[antlr-interest] Retaining comments

Tue Mar 11 12:45:47 PDT 2008

OK, I'm going to have to do this as well. However, my dream would be....

Can we use/generate an XML AST, with the text nodes corresponding exactly to
the input source received at the lexer, and the elements corresponding to
the AST tags. I know there are all sorts of complexities with this, but it
enables several outcomes:

1. Using fast and general tree processing via XML and DOM, maybe even using
XPath and XQuery
2. Easy filtering via the above
3. Clear mapping between AST and text, which is not currently easy

Although I have not completely looked into this yet (and I will) it seems
most of this could be done fine using an additional AST writer.

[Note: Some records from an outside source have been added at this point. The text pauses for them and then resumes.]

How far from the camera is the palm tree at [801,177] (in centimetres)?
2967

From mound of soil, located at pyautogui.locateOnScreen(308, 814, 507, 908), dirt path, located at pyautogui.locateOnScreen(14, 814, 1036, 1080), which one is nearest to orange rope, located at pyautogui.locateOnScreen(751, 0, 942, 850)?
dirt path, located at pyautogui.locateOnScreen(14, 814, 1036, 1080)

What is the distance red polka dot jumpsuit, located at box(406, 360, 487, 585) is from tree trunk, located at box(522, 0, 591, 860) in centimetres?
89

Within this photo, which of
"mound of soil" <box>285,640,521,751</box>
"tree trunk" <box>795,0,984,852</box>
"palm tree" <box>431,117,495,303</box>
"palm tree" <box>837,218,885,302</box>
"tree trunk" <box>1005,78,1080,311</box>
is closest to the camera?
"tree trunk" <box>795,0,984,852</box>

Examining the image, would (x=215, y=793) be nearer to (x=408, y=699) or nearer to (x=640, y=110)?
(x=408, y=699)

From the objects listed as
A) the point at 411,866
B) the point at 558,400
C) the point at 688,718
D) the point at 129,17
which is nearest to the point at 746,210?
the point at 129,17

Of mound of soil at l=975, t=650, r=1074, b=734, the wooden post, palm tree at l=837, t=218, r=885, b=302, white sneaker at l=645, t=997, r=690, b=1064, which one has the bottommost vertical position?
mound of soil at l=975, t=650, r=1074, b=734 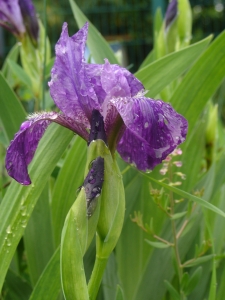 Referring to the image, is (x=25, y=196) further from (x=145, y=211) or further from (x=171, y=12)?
(x=171, y=12)

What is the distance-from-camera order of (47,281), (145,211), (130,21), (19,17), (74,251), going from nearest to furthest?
1. (74,251)
2. (47,281)
3. (145,211)
4. (19,17)
5. (130,21)

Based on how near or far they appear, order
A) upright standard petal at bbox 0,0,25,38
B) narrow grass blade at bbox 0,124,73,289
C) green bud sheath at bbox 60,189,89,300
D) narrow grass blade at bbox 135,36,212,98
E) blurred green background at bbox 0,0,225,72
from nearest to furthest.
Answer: green bud sheath at bbox 60,189,89,300, narrow grass blade at bbox 0,124,73,289, narrow grass blade at bbox 135,36,212,98, upright standard petal at bbox 0,0,25,38, blurred green background at bbox 0,0,225,72

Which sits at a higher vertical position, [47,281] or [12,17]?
[12,17]

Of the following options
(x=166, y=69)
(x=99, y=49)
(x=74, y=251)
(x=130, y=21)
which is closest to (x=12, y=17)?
(x=99, y=49)

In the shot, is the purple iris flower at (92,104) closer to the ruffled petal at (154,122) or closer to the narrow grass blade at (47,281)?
the ruffled petal at (154,122)

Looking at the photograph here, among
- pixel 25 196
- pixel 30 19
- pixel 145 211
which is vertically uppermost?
pixel 30 19

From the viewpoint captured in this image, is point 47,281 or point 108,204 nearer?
point 108,204

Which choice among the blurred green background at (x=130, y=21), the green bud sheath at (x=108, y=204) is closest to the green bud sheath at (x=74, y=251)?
the green bud sheath at (x=108, y=204)

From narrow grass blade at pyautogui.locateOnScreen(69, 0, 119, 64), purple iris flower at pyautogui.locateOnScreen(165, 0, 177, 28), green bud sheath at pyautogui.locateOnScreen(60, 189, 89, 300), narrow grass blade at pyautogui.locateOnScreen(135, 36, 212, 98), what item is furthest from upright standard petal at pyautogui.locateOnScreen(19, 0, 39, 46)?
green bud sheath at pyautogui.locateOnScreen(60, 189, 89, 300)

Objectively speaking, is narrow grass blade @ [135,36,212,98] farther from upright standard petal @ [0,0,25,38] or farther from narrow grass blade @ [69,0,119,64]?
upright standard petal @ [0,0,25,38] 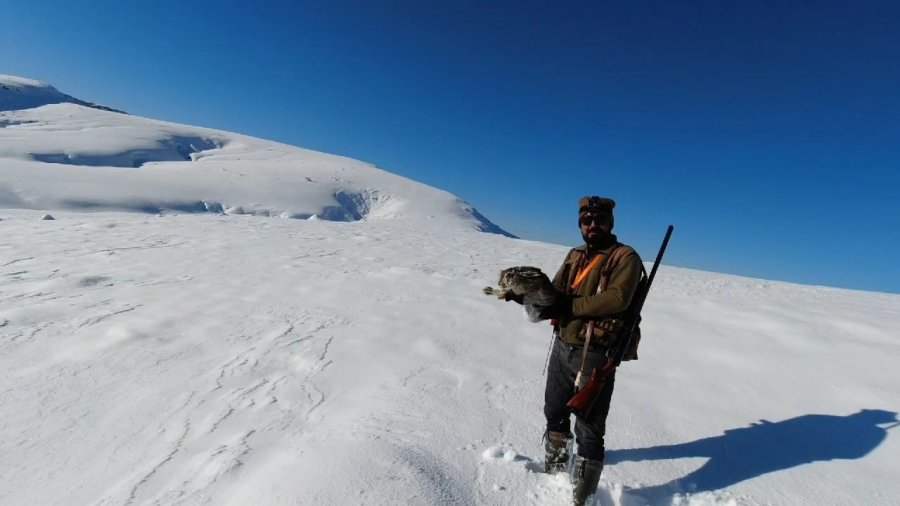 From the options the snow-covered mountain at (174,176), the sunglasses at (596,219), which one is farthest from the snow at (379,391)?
the snow-covered mountain at (174,176)

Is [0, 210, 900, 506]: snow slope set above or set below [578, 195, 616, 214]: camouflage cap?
below

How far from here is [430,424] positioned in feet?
11.6

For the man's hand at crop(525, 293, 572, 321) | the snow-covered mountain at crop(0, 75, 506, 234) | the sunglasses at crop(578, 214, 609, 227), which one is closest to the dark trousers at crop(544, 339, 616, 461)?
the man's hand at crop(525, 293, 572, 321)

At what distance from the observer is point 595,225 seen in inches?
113

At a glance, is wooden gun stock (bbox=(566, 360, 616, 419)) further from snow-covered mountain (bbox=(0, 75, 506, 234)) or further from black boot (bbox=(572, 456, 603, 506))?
snow-covered mountain (bbox=(0, 75, 506, 234))

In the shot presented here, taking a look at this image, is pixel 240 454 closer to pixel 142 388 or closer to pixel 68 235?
pixel 142 388

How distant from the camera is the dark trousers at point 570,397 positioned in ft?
8.93

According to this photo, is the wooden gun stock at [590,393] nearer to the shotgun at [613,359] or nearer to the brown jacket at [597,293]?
the shotgun at [613,359]

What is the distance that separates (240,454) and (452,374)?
2251 millimetres

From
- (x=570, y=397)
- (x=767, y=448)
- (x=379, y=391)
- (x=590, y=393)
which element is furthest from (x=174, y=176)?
(x=767, y=448)

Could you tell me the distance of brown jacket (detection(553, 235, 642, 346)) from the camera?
2.62 metres

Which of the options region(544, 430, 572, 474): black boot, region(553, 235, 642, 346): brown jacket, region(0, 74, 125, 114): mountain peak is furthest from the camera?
region(0, 74, 125, 114): mountain peak

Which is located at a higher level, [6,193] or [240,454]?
[240,454]

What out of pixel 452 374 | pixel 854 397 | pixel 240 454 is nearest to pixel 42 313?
pixel 240 454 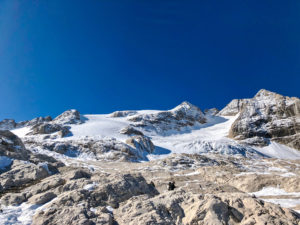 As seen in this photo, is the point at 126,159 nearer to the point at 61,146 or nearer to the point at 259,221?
the point at 61,146

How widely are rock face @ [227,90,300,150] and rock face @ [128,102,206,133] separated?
40371mm

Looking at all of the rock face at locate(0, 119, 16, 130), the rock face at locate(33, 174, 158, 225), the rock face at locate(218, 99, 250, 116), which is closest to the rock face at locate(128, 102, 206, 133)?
the rock face at locate(218, 99, 250, 116)

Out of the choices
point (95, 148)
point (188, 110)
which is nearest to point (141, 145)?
point (95, 148)

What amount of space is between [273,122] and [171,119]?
6501 cm

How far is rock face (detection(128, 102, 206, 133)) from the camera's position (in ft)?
455

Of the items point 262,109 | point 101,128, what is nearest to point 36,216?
point 101,128

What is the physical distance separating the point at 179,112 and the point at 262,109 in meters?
59.0

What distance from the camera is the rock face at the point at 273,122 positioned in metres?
114

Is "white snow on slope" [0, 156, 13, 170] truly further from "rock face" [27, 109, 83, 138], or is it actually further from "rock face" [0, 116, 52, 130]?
"rock face" [0, 116, 52, 130]

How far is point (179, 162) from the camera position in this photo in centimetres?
5147

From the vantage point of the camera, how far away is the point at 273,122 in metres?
122

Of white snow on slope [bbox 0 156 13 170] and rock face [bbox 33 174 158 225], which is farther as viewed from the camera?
white snow on slope [bbox 0 156 13 170]

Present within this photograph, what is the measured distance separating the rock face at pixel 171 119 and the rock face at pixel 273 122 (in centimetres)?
4037

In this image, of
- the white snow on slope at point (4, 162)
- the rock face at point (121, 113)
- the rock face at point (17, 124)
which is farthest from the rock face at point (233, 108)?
the white snow on slope at point (4, 162) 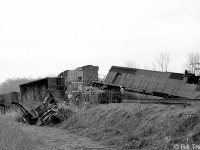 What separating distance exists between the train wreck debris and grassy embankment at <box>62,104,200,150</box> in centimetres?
309

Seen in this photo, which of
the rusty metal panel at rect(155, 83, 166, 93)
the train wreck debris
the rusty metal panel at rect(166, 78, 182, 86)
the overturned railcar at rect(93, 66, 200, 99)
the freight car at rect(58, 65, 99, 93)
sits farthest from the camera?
the freight car at rect(58, 65, 99, 93)

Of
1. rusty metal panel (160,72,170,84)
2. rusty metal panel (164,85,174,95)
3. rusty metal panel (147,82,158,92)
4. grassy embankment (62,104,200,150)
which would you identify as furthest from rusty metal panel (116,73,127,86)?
grassy embankment (62,104,200,150)

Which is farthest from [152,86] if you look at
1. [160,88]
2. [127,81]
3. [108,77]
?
[108,77]

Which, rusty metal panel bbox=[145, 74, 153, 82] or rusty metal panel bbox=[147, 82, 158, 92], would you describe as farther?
rusty metal panel bbox=[145, 74, 153, 82]

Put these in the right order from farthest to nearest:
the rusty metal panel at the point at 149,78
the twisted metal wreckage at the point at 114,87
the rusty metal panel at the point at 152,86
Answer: the rusty metal panel at the point at 149,78 < the rusty metal panel at the point at 152,86 < the twisted metal wreckage at the point at 114,87

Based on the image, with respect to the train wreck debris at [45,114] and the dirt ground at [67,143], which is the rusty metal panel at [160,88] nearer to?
the train wreck debris at [45,114]

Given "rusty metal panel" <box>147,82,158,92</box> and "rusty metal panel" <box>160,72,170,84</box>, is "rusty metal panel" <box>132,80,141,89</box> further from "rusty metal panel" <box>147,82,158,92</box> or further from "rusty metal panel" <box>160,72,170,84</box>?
"rusty metal panel" <box>160,72,170,84</box>

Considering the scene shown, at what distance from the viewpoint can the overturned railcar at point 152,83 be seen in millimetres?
21891

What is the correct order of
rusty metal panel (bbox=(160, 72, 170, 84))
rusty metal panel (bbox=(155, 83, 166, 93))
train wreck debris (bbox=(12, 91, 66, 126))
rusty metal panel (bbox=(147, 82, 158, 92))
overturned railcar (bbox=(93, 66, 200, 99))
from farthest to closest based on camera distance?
rusty metal panel (bbox=(147, 82, 158, 92)) → rusty metal panel (bbox=(160, 72, 170, 84)) → rusty metal panel (bbox=(155, 83, 166, 93)) → overturned railcar (bbox=(93, 66, 200, 99)) → train wreck debris (bbox=(12, 91, 66, 126))

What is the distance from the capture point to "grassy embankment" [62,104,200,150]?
9.23 metres

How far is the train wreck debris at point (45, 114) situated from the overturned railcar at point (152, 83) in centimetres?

I wrote one
which does the XML, but does not preserve the input text. In the end, I had
to do this, as the current AST notation (which I wanted to read for
processing) was unable to distinguish, say, between an imaginary token
"FUNCTION" and a language identifier written as uppercase "FUNCTION", unless
I tagged absolutely every single thing in the grammar, which was tedious.
There are all sorts of other nasty cases (e.g., does whitespace fall inside
or outside of particular elements). And in particular, this would require
some mapping between imaginary tokens and text positions which is not always
possible. 

I'm developing a system which will annotate code, both generating
human-readable output and a component index. The one pushes you to a text
output, the other to an AST - I've ended up needing both, largely because of
similar issues. It seems it may be fairly simple to develop this kind of
tree writer for cases like these. 

Any thoughts on this? Am I crazy/doing it all wrong?

--S

-----Original Message-----
From: Terence Parr [mailto:parrt at cs.usfca.edu]
Sent: Tuesday, March 11, 2008 12:43 PM
To: bmeike at speakeasy.net
Cc: antlr-interest at antlr.org
Subject: Re: [antlr-interest] Retaining comments

send comments to parser on different channel.  then lookin token buffer for
them between "real" tokens. 
Ter

On Feb 27, 2008, at 1:19 PM, < bmeike at speakeasy.net
<mailto:bmeike at speakeasy.net> > < bmeike at speakeasy.net
<mailto:bmeike at speakeasy.net> > wrote:

On Wed Feb 27 12:29 , Gavin Lambert sent:

> This will keep the comment tokens in the token stream at the 
> appropriate points. To transfer them you'll have to add some code 
> that looks for comment tokens nearby recognised parser constructs 
> so you can emit them at the right place in the output.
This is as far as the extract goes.